One of the most basic principles in supporting a child with ADHD is looking for other conditions that often tag along with it. These are termed "co-morbid conditions," and common ones include developmental delays (fine motor, language, etc.), various learning disabilities and specific mental health conditions such as anxiety. Nearly two-thirds of people with ADHD have at least one of these, and that statistic doesn't even count the far-reaching effects of executive function deficits inherent to daily living with ADHD.
School planning sometimes overlooks these possibilities, many of which are of particular importance in the classroom. Academic motivation depends on a sense of mastery and success and rarely develops when children feel at a loss or lack the tools they require to thrive. For students to enjoy and take ownership of their own academic career, underlying issues affecting school must be addressed first.
Here are suggestions (in fewer than three hundred words) to avoid common pitfalls while planning for the upcoming year:
- Make sure evaluations have looked for specific learning disabilities, especially when children with ADHD have persistent academic problems.
- Address difficulties with executive functioning at home and school. Children with ADHD require more structure and adult support to manage their work, and more direct instruction in organizational skills than peers. Because of their ADHD, they benefit from a scheduled routine instead of open-ended supports that say things like, "You can visit Ms. Jones if you feel you are falling behind." Their capacity to identify a problem ("I need help"), create a plan to address it and then stick to it over time is directly impaired by ADHD. Instead of open-ended solutions, schedule supports into their day: "Right after fourth period, you have a study session.

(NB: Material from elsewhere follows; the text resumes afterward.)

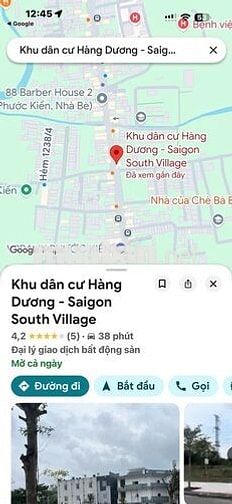 Đất phân lô, KDC Hàng Dương ,5x16m, Lê Văn Lương ,Phước kiểng ,Nhà Bè.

Would you prefer to meet with Ms. Jones or Mr. Frank?" Similarly, most benefit from a consistent homework plan established at the start of the school year, before their workload increases.
- Implement a structured, reward-based behavioral plan proactively. Don't wait for classroom tension to start before focusing on behavioral change.
- Ask for placement with structured teachers who run classrooms that permit fewer distractions in the environment. Classroom set up (e.g., desks facing the teacher when she's teaching and not peers) and management (e.g., clear and consistent rules) matter greatly when children have ADHD.
- Encourage schools to use evidence-based instructional methods for children with ADHD. Today, the most commonly used curricula rely on learning through exposure to academics without an emphasis on direct teaching of skills. Children with ADHD are less likely than peers to thrive without an emphasis on core skills, repetition and rote instruction.
Educational planning of this kind is one of the three foundations of ADHD care. Integrated with appropriate behavioral supports and judicious use of ADHD medications, children with ADHD can thrive at home and school through the upcoming year and beyond.